In January 2014, 10,000 gallons of chemicals leaked from a storage facility into the Elk River, a mile and a half upstream from the drinking water intake for 300,000 West Virginians. People lined up for bottled water amid fear and confusion over the long-term health risks.
The company that owned the facility, Freedom Industries, was blamed for rusty, poorly maintained tanks that allowed the coal-cleaning chemical 4-methylcyclohexane methanol (MCHM) to seep into the waterway. Freedom Industries filed for bankruptcy within days of the spill.
Six company employees were eventually indicted for violating the federal Clean Water Act, after prosecutors argued that they had “put an entire population needlessly at risk” and that the spill was “completely preventable.” Last year, the company’s top executive, Gary Southern, pleaded guilty to environmental violations.
On Feb. 17, more than two years after the chemical spill, a federal judge handed down Southern’s sentence: a month in prison and a mere $20,000 fine.
Many West Virginians are calling that punishment inadequate, considering the damage his company did to the region’s drinking water. The maximum penalty Southern faced was three years in prison and up to $300,000 in fines.
As he handed down the sentence last week, Judge Thomas Johnston of the U.S. District Court in Charleston said he believed this was an issue of negligence, not of criminal action on Southern’s part. Charleston Gazette reporter Ken Ward posted the full transcript online.

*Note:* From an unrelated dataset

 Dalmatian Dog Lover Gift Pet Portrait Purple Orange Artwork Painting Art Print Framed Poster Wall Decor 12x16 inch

“This event, now two years past, clearly had a disruptive effect on people’s lives and, perhaps worst yet, on their trust and safety of the water coming from their pipes,” said Johnston. “But the crisis passed. We have no reason to believe that problems related to the water crisis linger in our taps, and I have no evidence — no evidence before me — that MCHM, while perhaps an immediate irritant, represents a long-term health threat to anyone.”
“The defendant is hardly a criminal,” Johnston continued. “He has no criminal history and has been a businessman most of his life. His crimes are those of careless omission.”

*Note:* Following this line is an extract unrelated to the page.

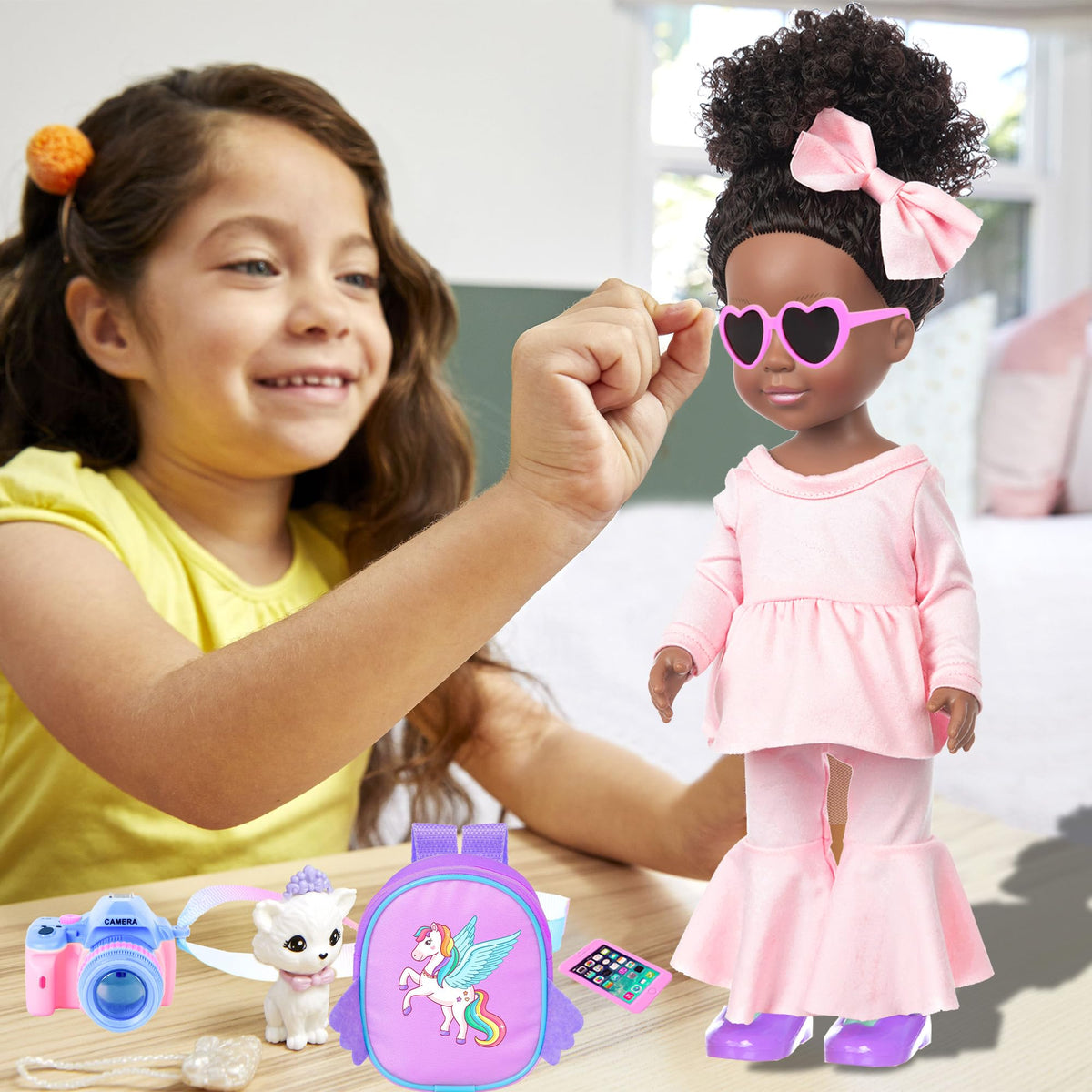 iBayda 14.5 Inch African-American Silicone Baby Doll - Realistic Black Girl Doll with 2 Outfits, Shoes, Backpack, Camera, Glasses & Phone Accessories (Washable)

Ward also reported that the judge allowed Southern to fly back to his $1.2 million home in Florida on a friend’s private plane following the sentencing, but that his Bentley, which the government seized, had not yet been returned to him. Southern will also get credit for time served for the one night he spent in a Florida jail following his December 2014 arrest.
Southern’s light punishment has left some in the region furious.
“This was not a victimless crime, but the laws were not written to protect the victims,” said Maya Nye, who served as spokesperson for West Virginia-based People Concerned About Chemical Safety at the time of the spill. Nye is now a graduate student at West Virginia University’s School of Public Health.
Like others in the region, Nye said she was surprised that charges were even brought against the Freedom Industries employees. That most likely happened, she said, because the spill directly affected so many people in the state’s capitol.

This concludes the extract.